Assignment: Range to output from the entries below: the line containing "When that button's" through the line containing "Therefore, the answer". Set it down exactly, ends included, nothing else.
***** Records to process
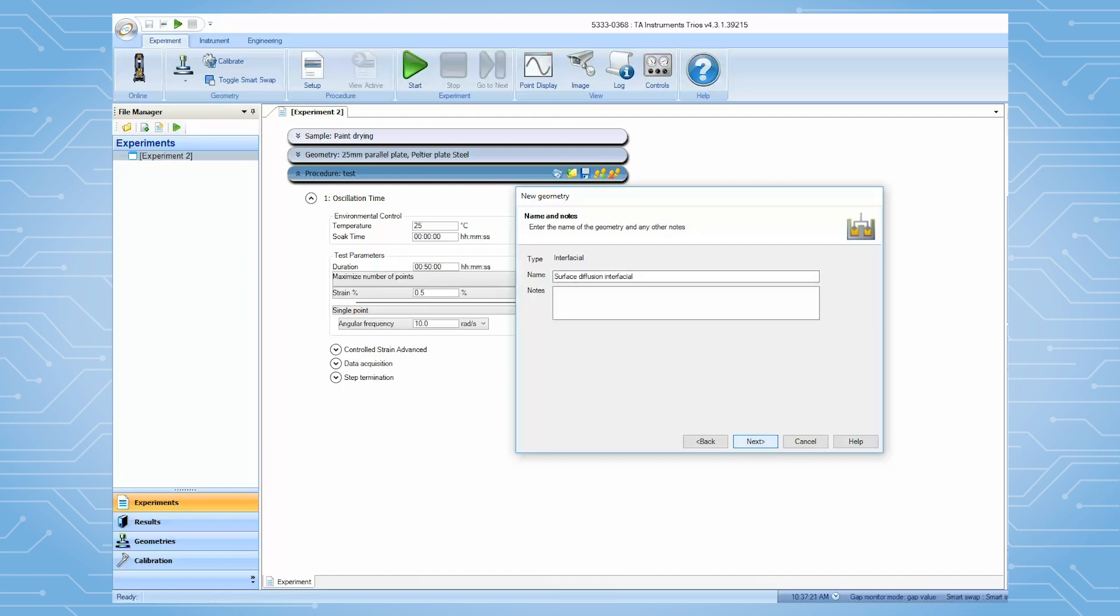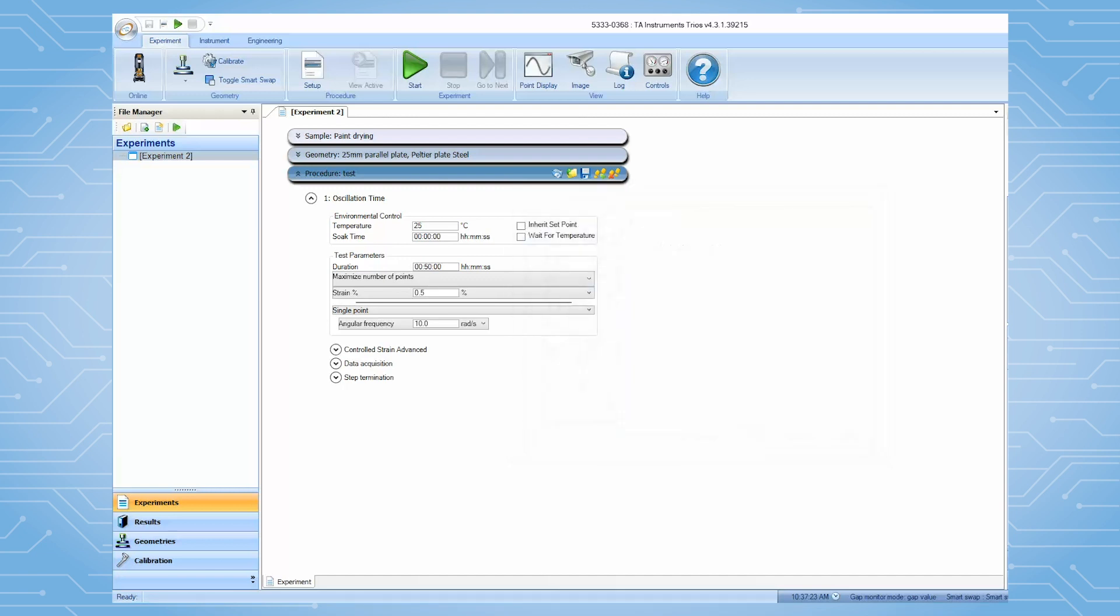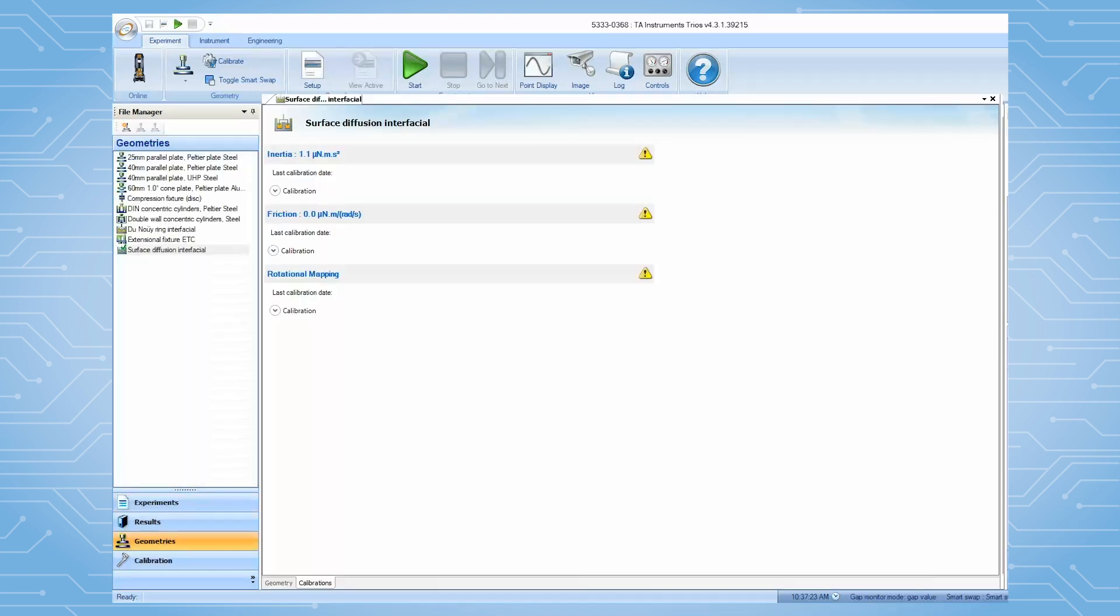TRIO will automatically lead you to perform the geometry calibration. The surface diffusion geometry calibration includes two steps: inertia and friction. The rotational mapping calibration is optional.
**********
***** Records to process
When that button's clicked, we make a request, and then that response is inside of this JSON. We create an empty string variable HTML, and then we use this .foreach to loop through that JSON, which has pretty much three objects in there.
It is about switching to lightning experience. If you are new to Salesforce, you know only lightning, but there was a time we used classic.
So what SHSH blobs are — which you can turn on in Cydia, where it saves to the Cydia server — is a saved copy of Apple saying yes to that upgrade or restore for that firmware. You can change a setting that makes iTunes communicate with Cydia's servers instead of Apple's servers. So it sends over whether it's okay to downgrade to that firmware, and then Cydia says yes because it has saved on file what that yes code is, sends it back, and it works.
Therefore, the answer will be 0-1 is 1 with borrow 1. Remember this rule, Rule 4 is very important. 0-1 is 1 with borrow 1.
**********
Answer to this task:
When that button's clicked, we make a request, and then that response is inside of this JSON. We create an empty string variable HTML, and then we use this .foreach to loop through that JSON, which has pretty much three objects in there.
It is about switching to lightning experience. If you are new to Salesforce, you know only lightning, but there was a time we used classic.
So what SHSH blobs are — which you can turn on in Cydia, where it saves to the Cydia server — is a saved copy of Apple saying yes to that upgrade or restore for that firmware. You can change a setting that makes iTunes communicate with Cydia's servers instead of Apple's servers. So it sends over whether it's okay to downgrade to that firmware, and then Cydia says yes because it has saved on file what that yes code is, sends it back, and it works.
Therefore, the answer will be 0-1 is 1 with borrow 1. Remember this rule, Rule 4 is very important. 0-1 is 1 with borrow 1.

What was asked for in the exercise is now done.